From: Michael S. Lorrey (mike@datamann.com)
Date: Fri May 12 2000 - 08:38:42 MDT
"Michael S. Lorrey" wrote:
> Zero Powers wrote:
> >
> > Sounds like Mike Lorrey is going to need a *much* bigger gun :)
>
> Oh, an F-16 is pretty easy to hit at 3000 feet, thats only 1000 yards. I
> already have a rifle that could hit that target. What I need is a bigger
> warhead...
Besides, all I really need is some good jamming equipment, and maybe a laser
dazzler.
However, given knowledge of speed and altitude, its not hard to hit an aircraft
given practice, with a firearm. When I was in the Air Force, repairing bullet
damage from cattle ranchers in the western US was one of the big sheetmetal jobs
that the airframe troops had to deal with.

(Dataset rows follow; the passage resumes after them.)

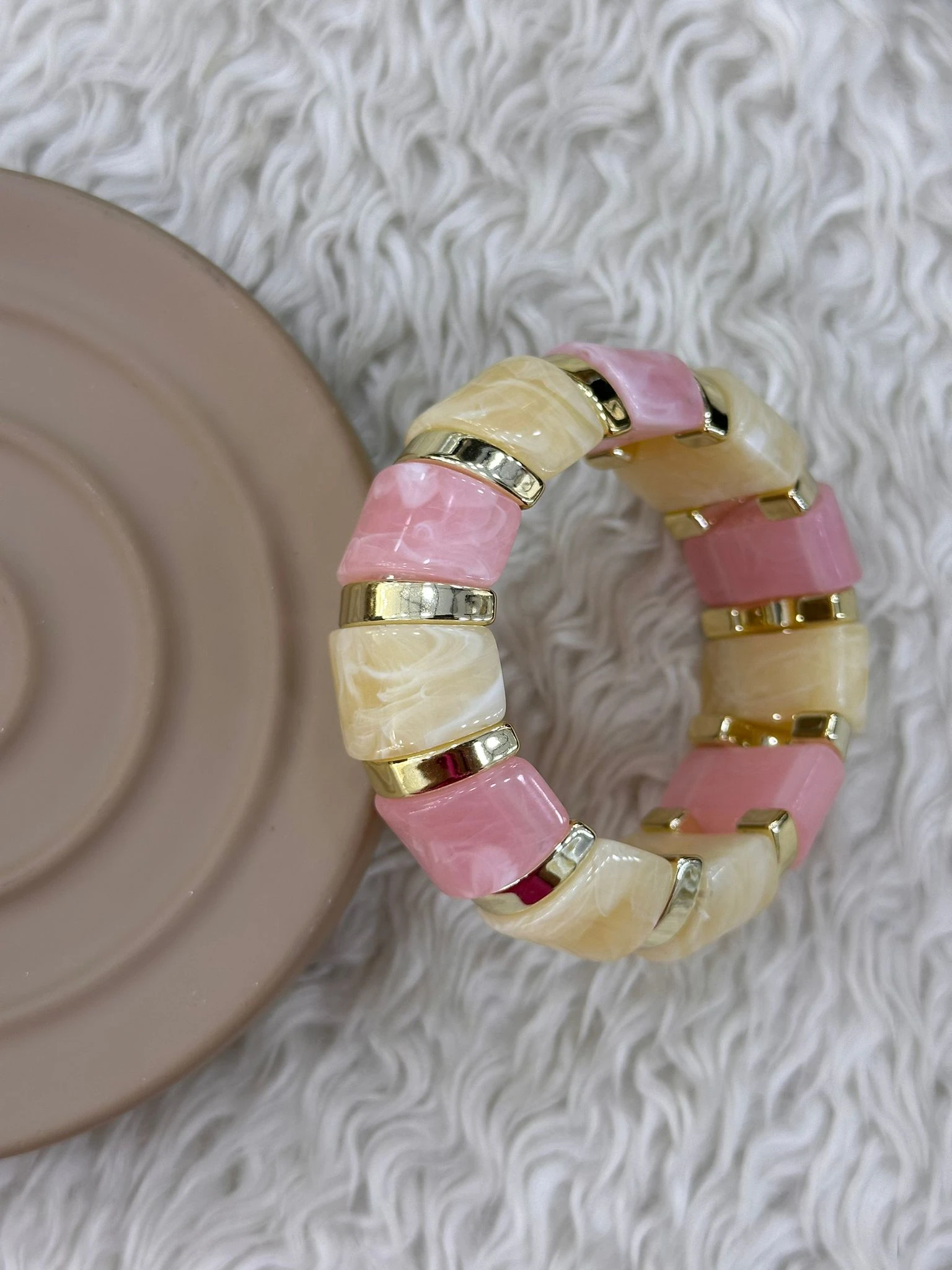 whatsapp-image-2026-09-01-at-12-5.webp Pembe Krem Desenli Gold Detaylı Bileklik - Görsel 1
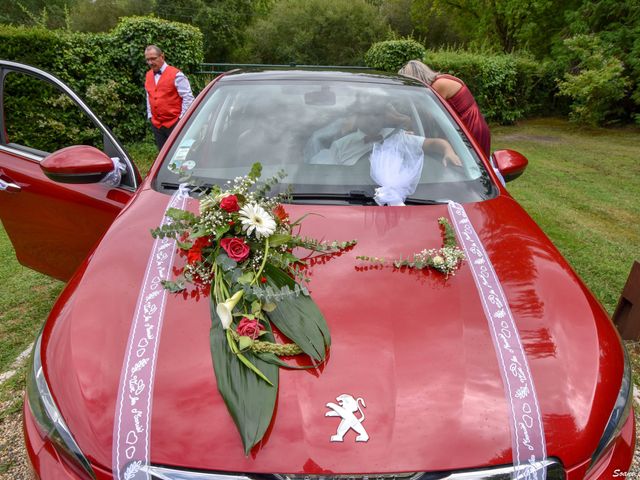 Le mariage de Marine et Hadjira à Saint-Médard-en-Jalles, Gironde 13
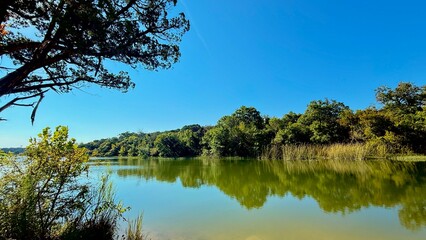 Obraz premium Cleburne State Park is a 528-acre Texas state park in Johnson County, Texas operated by the Texas Parks and Wildlife Department. The park includes the 116-acre, spring-fed Cedar Lake that was created 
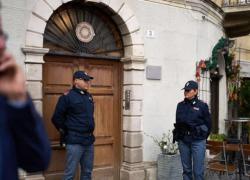 Muggia (Trieste), 55enne ucraina Olena Stasiuk sgozza figlio di 9 anni e tenta di tagliarsi le vene: "Separata, era seguita da servizi sociali"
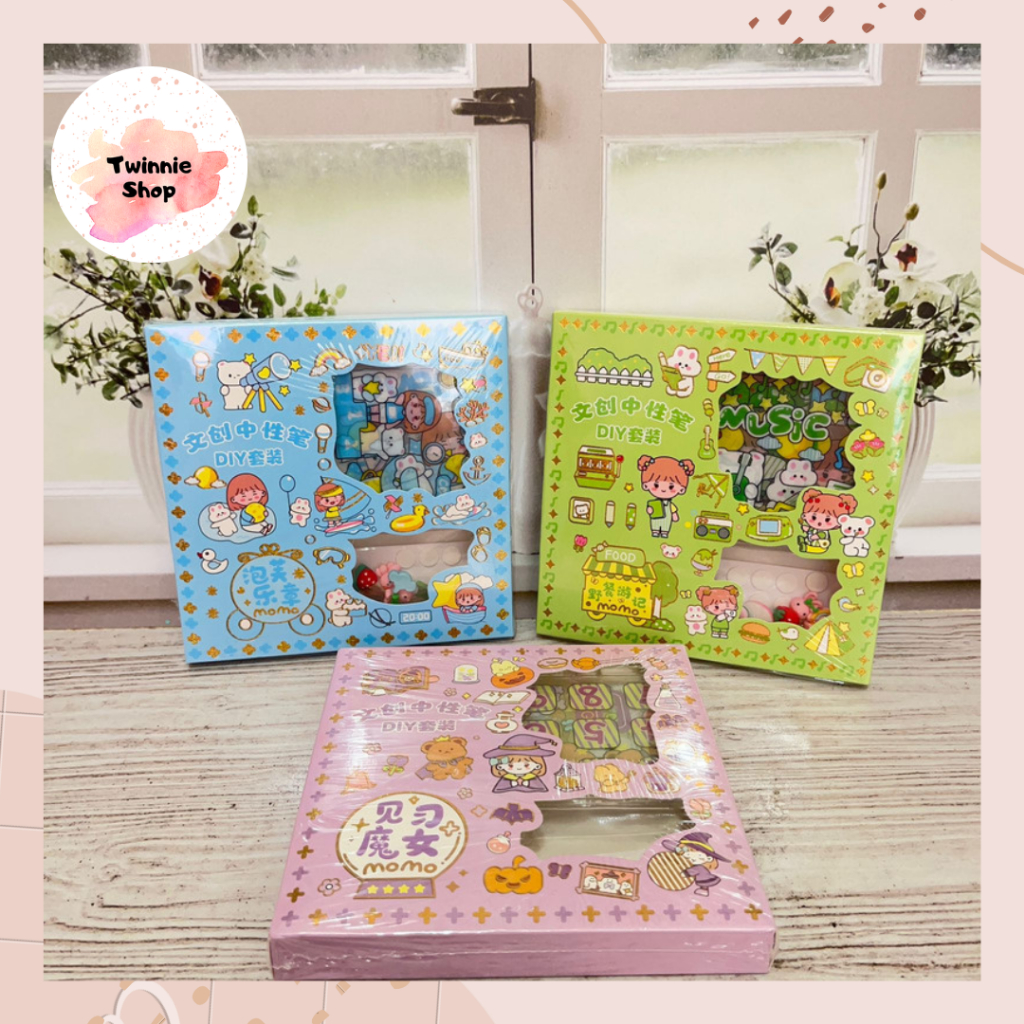 

Stiker Box Momo Pulpen DIY Pen Sticker Hiasan Tempelan Lucu Unik Case Phone Lengkap Ready COD 1 Set Dapat Banyak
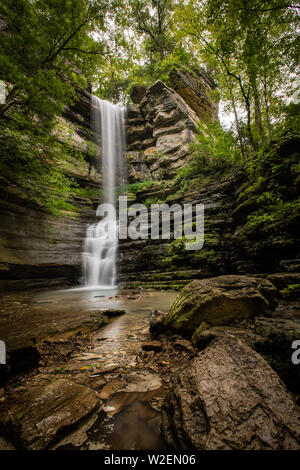 Overstreet fällt in der Jessamine Creek Gorge, Kentucky. Stockfoto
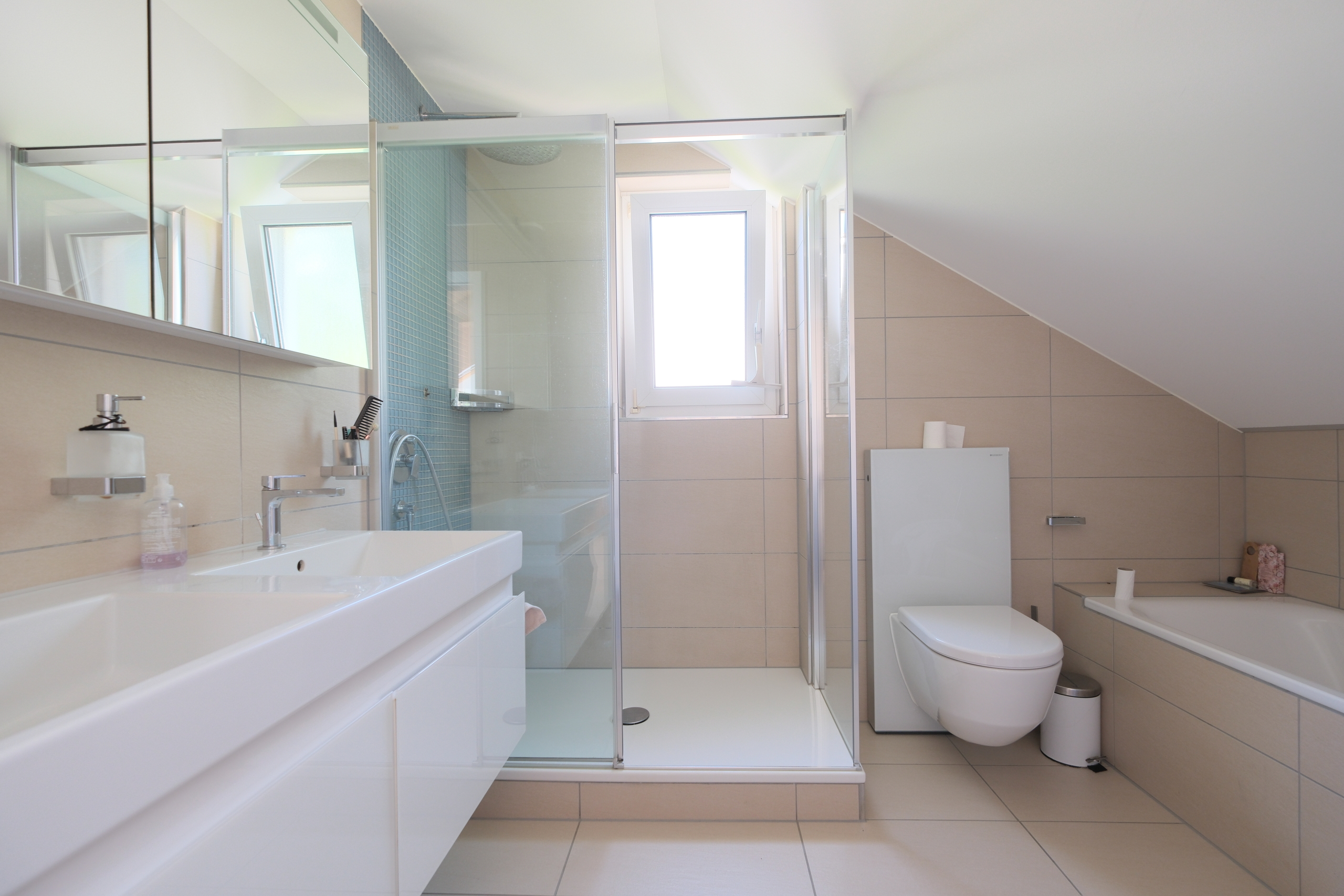 Nasszelle Obergeschoss Nasszelle Obergeschoss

FOr example: An F-16 is, as I recall, 47 feet long, or .0089 miles long. At 550
mph, it is traveling 806.6667 feet per second. A 150 grain bullet fired from my
bolt action .300 Win Mag Savage 110 Tactical rifle travels at about 3000 feet
per second. Assuming that it is a crossing shot, rather than a head on or tail
on shot (which are much easier), and assuming I want to hit the F-16 when it is
at a point tangential to me (i.e. the closest point in its path), I need to aim
roughly 16 plane lengths ahead of the craft, or else drift my sighting system so
the point of aim is that many plane lengths behind the point of fire. Getting it
precisely would require some more figuring, but all such results can be
tabletized, and were so by the NVA during Vietnam. There were a good number of
aircraft shot down by small arms fire.
Now, using leading techniques is not widely used with rifles, that is usually
used by shotgunners, but there have been some people who have taken the time and
are quite skilled at shooting flying objects with rifles. I recall that the
original Army test for the Browning Automatic Rifle (the BAR) back when involved
John Moses Browning hiring one man who was an exceptional sharpshooter. This
gentleman shot something like 75,000 1 inch blocks of wood out of the air
(typically thrown 50-100 feet in the air) straight over a period of several days
with that BAR (which is a really heavy gun with a serious kick to it). I think
he might have had something like a dozen misses or less in the entire string of
shots. The shooter claimed that he could teach anybody to shoot like that.